**PROMPT:** Leave the pictures aside and copy all the data exactly.

**SUPPLIED DATA:**

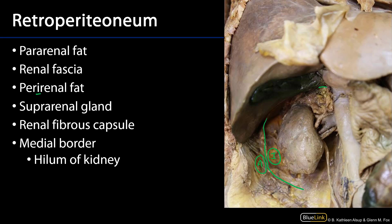We can also see the suprarenal gland here, also known as the adrenal gland, as well as the kidney. The kidney is encased by the renal fibrous capsule surrounding the parenchyma. We can also see the hilum of the kidney, which is receiving a renal artery, a renal vein, and there's an accessory renal artery. The ureter descends down, conducting urine away. That hilum is located along the medial border — it's the concave portion of the medial border, facing anteromedially, while the lateral border faces posterolaterally.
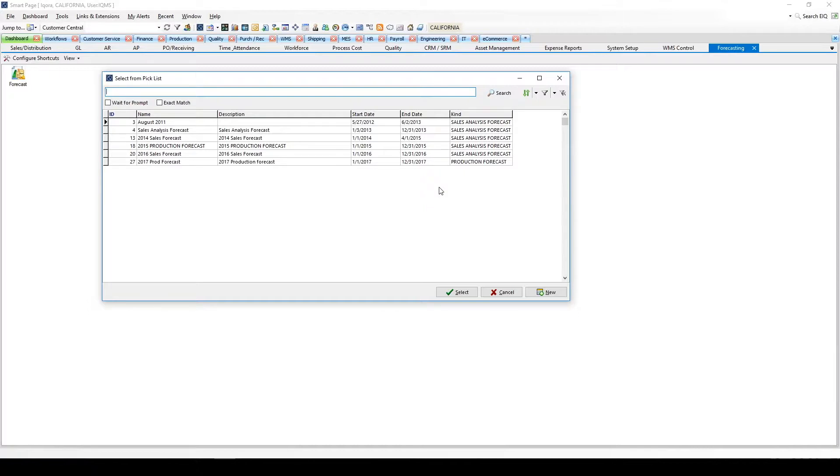Users can have multiple sales analysis forecasts to support planning and budgeting. A single production forecast is used to determine material and resources needed to support the customer-anticipated demand.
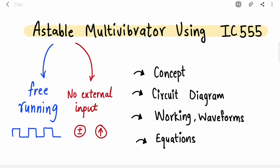Hi guys, welcome back to my channel. In this video we are going to cover the astable multivibrator using IC 555. I have already covered the same topic in Hindi, so if you want to watch in Hindi I will provide the link in the description. We are going to start with the concept first.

**ANSWER SPACE:**
We can also see the suprarenal gland here, also known as the adrenal gland, as well as the kidney. The kidney is encased by the renal fibrous capsule surrounding the parenchyma. We can also see the hilum of the kidney, which is receiving a renal artery, a renal vein, and there's an accessory renal artery. The ureter descends down, conducting urine away. That hilum is located along the medial border — it's the concave portion of the medial border, facing anteromedially, while the lateral border faces posterolaterally.
Users can have multiple sales analysis forecasts to support planning and budgeting. A single production forecast is used to determine material and resources needed to support the customer-anticipated demand.
Hi guys, welcome back to my channel. In this video we are going to cover the astable multivibrator using IC 555. I have already covered the same topic in Hindi, so if you want to watch in Hindi I will provide the link in the description. We are going to start with the concept first.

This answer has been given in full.